What is required
Skip every picture, and copy exactly the lines from the one containing "thumbnail image 3" to the end of the data.

Provided material
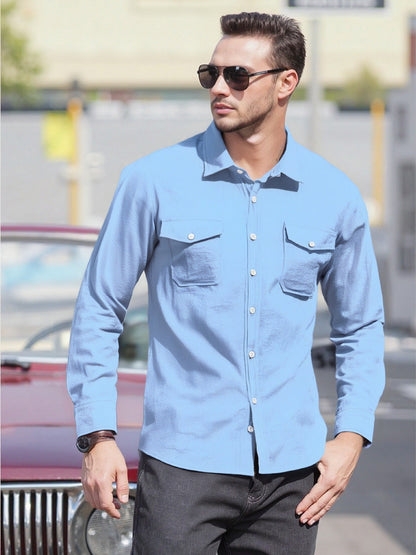 Herren Langarmhemd Modern Entspannt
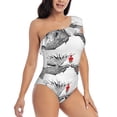 thumbnail image 3 of Gaeub Moose Kissing Under Mistletoe Women's One Shoulder Ruffle Tummy Control Swimwear for Swimming Surfing Beach Party - Large, 3 of 8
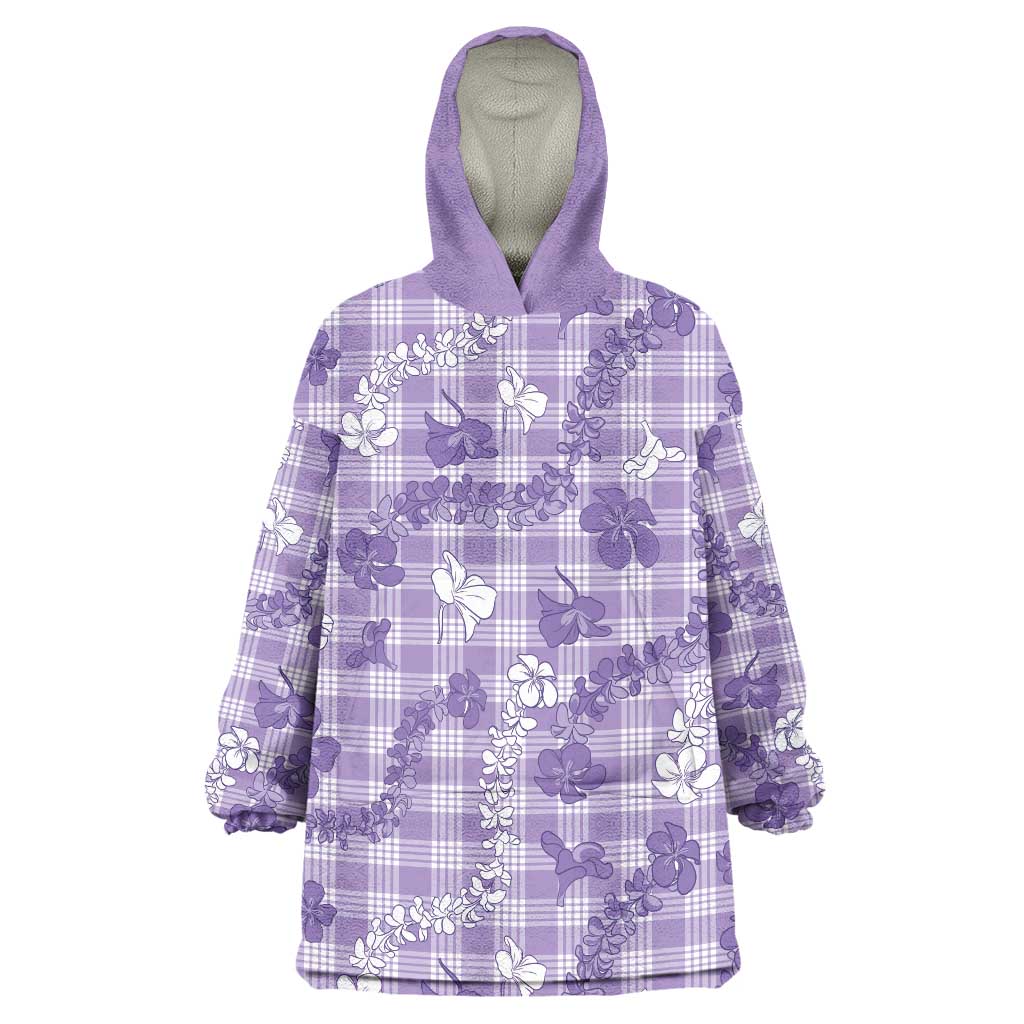 Poni Aloha Hawaii Wearable Blanket Hoodie Plumeria Lei With Palaka Motif - Polynesian Pride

Written answer
 thumbnail image 3 of Gaeub Moose Kissing Under Mistletoe Women's One Shoulder Ruffle Tummy Control Swimwear for Swimming Surfing Beach Party - Large, 3 of 8
 Poni Aloha Hawaii Wearable Blanket Hoodie Plumeria Lei With Palaka Motif - Polynesian Pride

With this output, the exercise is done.